DATA SHOWN
□ □ □
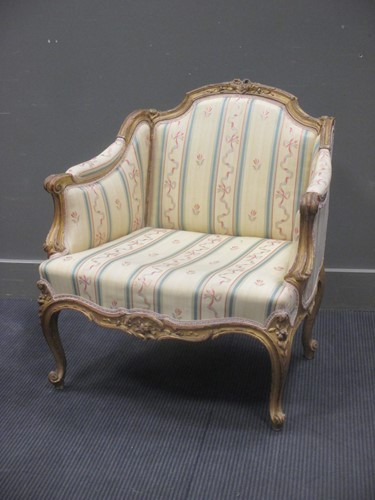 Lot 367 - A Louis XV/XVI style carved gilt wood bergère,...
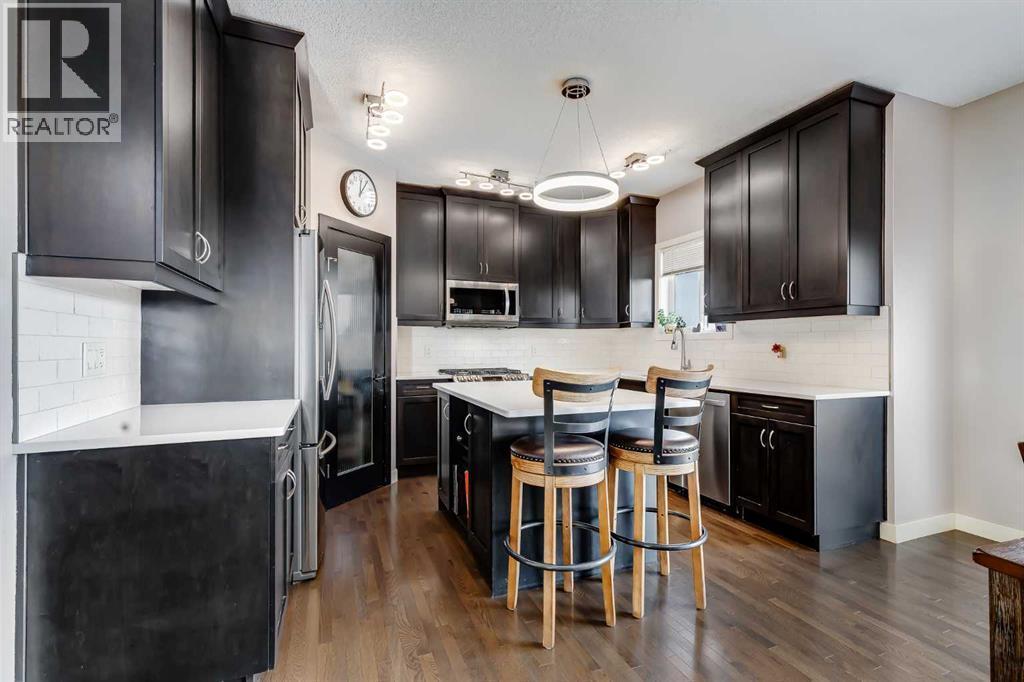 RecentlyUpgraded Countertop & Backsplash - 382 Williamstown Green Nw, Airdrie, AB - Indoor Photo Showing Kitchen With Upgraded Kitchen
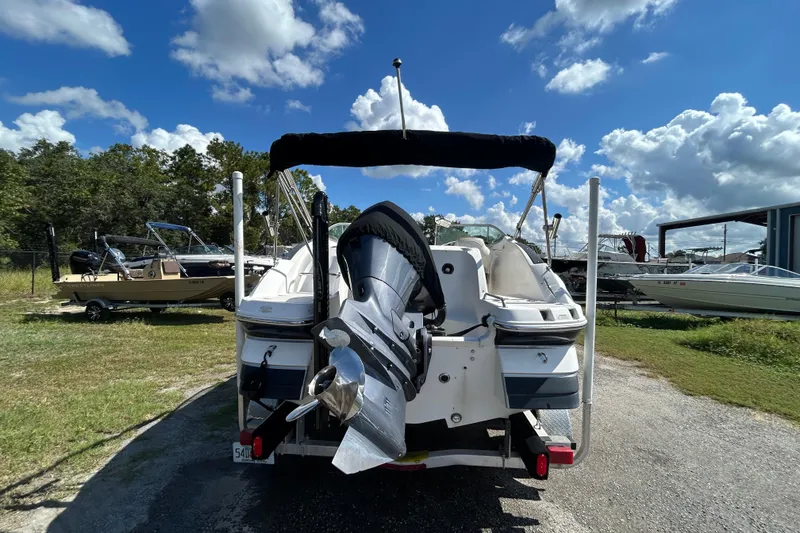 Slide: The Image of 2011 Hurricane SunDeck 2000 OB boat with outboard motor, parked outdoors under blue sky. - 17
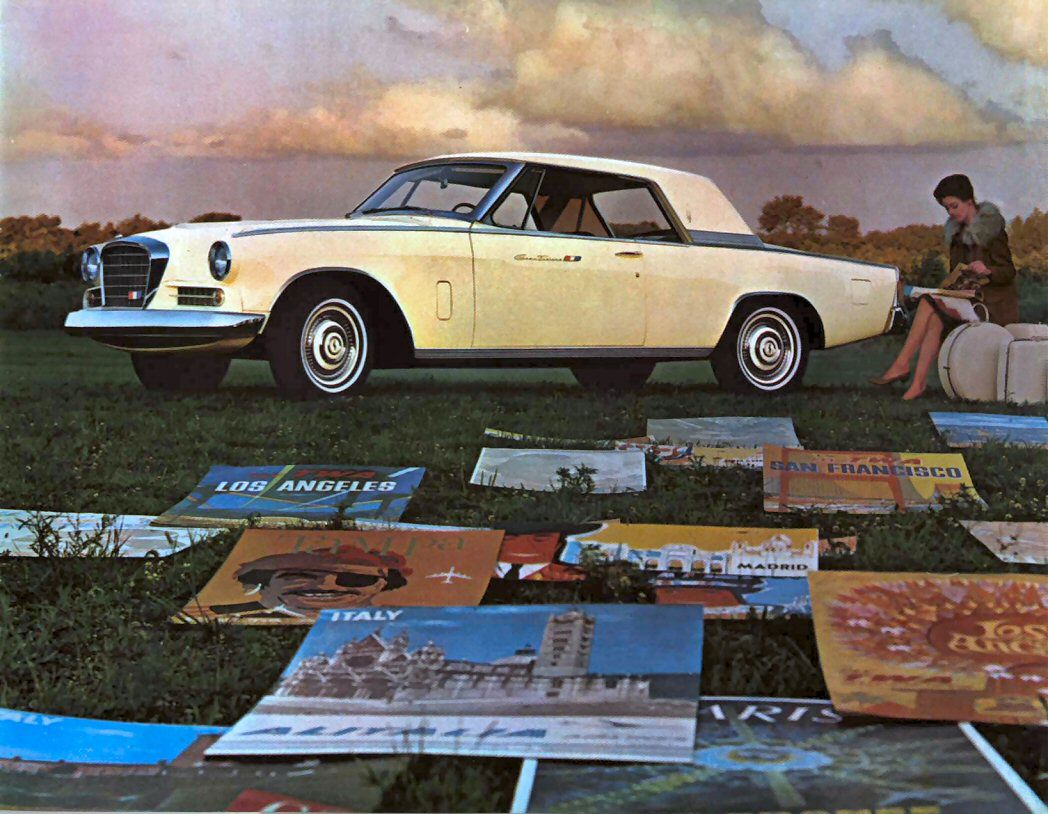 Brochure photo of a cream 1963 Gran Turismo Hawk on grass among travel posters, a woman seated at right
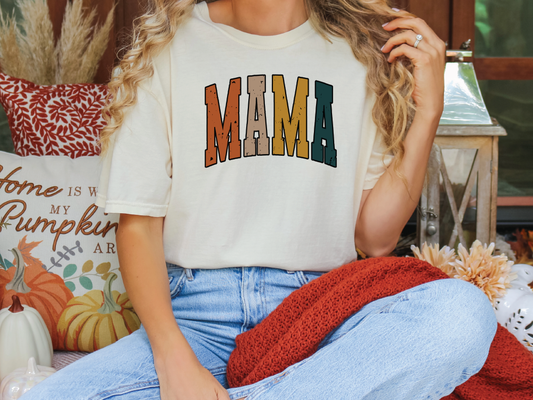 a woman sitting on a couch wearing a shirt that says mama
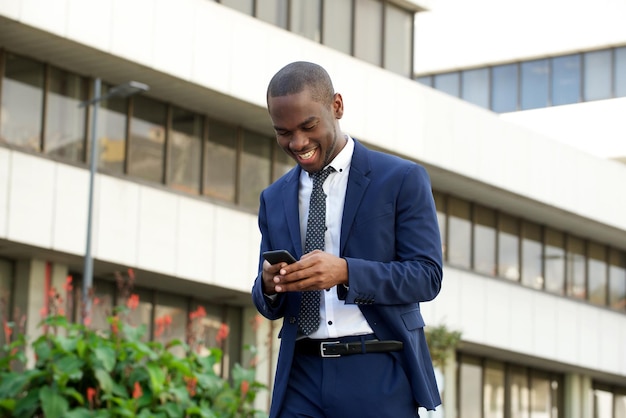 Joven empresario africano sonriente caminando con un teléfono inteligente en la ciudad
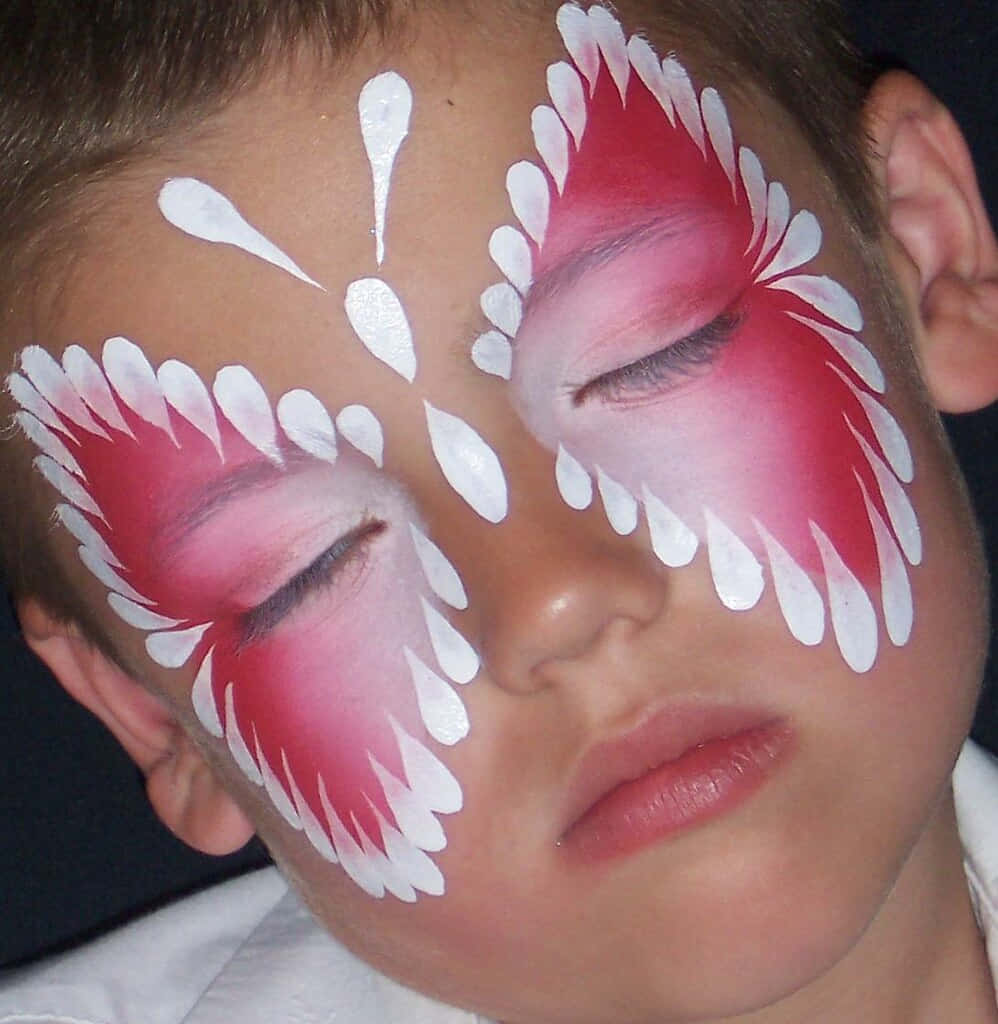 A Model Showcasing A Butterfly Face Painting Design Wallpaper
□ □ □
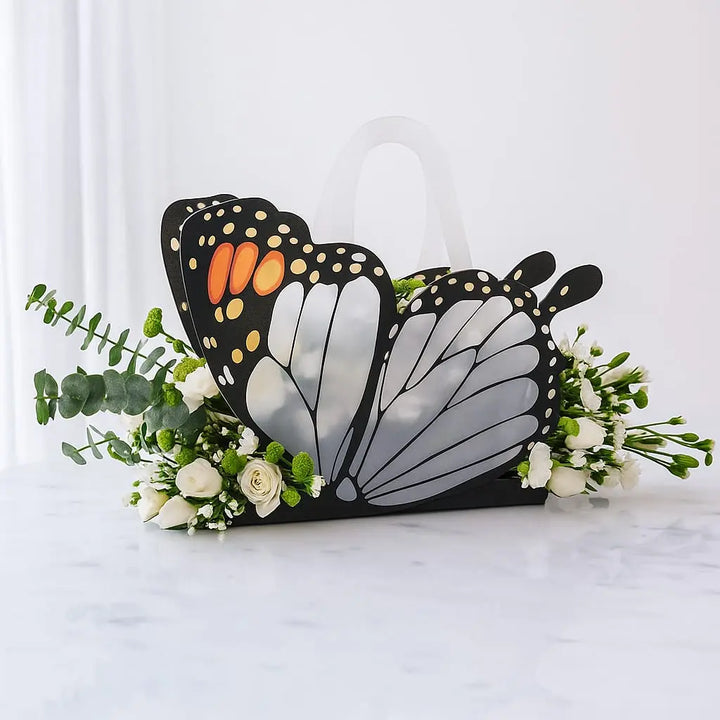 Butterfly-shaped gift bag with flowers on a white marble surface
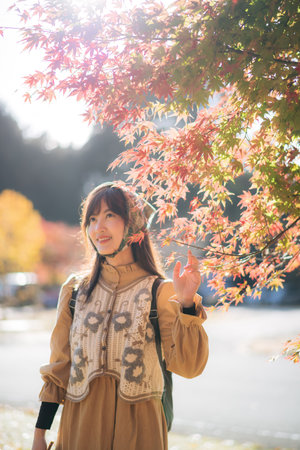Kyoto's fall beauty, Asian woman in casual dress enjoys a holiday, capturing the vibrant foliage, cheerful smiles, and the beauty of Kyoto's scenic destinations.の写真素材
□ □ □
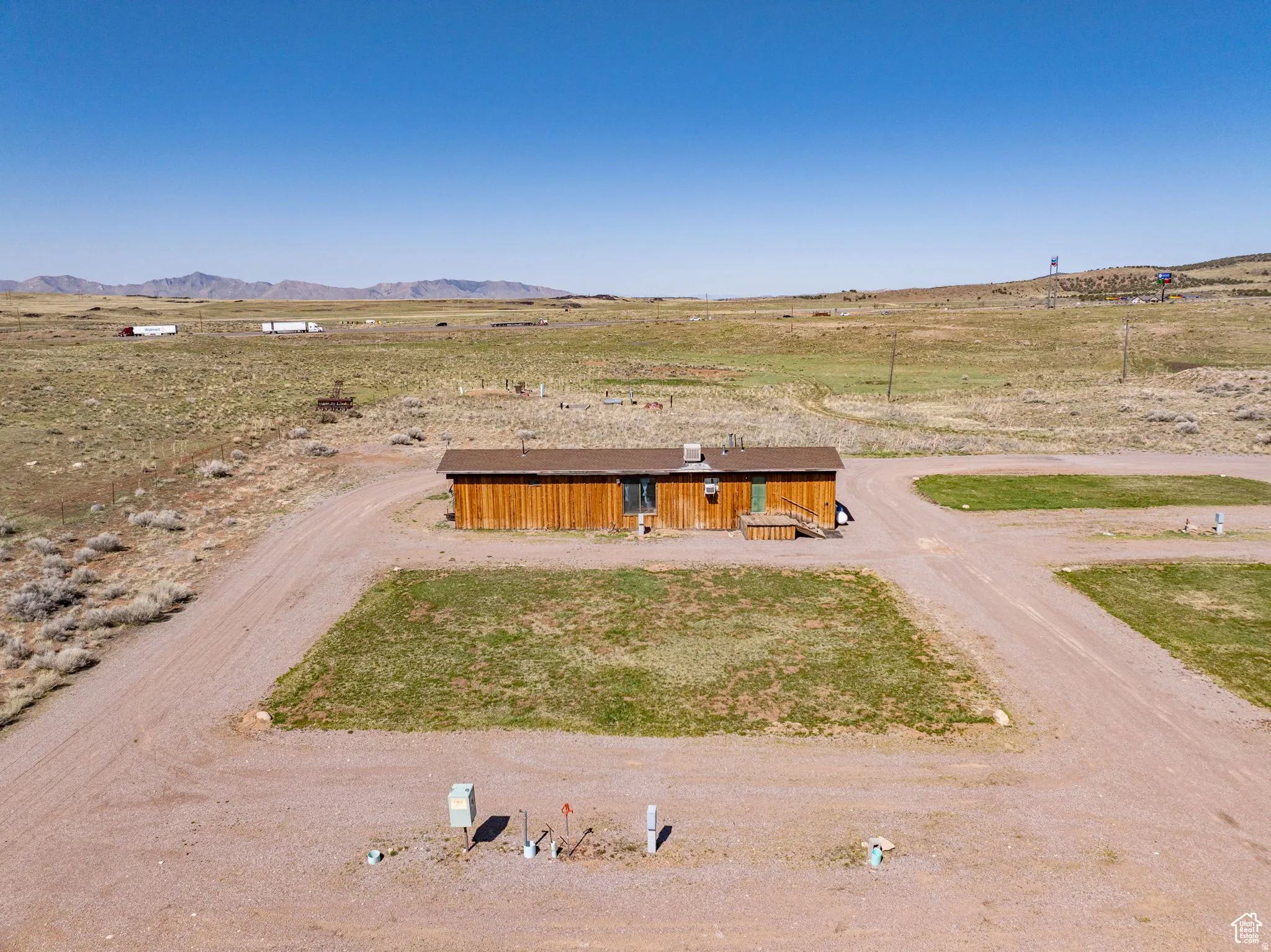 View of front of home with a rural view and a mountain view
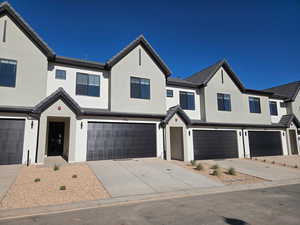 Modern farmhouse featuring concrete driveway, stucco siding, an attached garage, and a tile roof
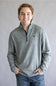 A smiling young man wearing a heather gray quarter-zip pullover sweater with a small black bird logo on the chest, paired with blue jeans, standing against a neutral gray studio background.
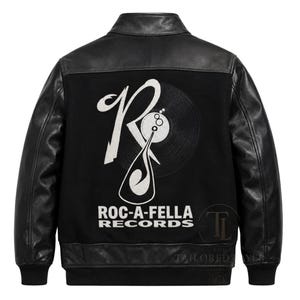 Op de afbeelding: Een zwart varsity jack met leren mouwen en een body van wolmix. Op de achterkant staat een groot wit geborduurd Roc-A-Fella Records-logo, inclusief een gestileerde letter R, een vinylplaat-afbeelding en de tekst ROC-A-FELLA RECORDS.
□ □ □
WHAT THE TASK REQUIRES
Look above for the line with "Butterfly-shaped gift bag", then print it and each line after it down to and including the line with "Kyoto's fall beauty, Asian". Leave out the pictures and keep the wording exact.

RESPONSE
 Butterfly-shaped gift bag with flowers on a white marble surface
Kyoto's fall beauty, Asian woman in casual dress enjoys a holiday, capturing the vibrant foliage, cheerful smiles, and the beauty of Kyoto's scenic destinations.の写真素材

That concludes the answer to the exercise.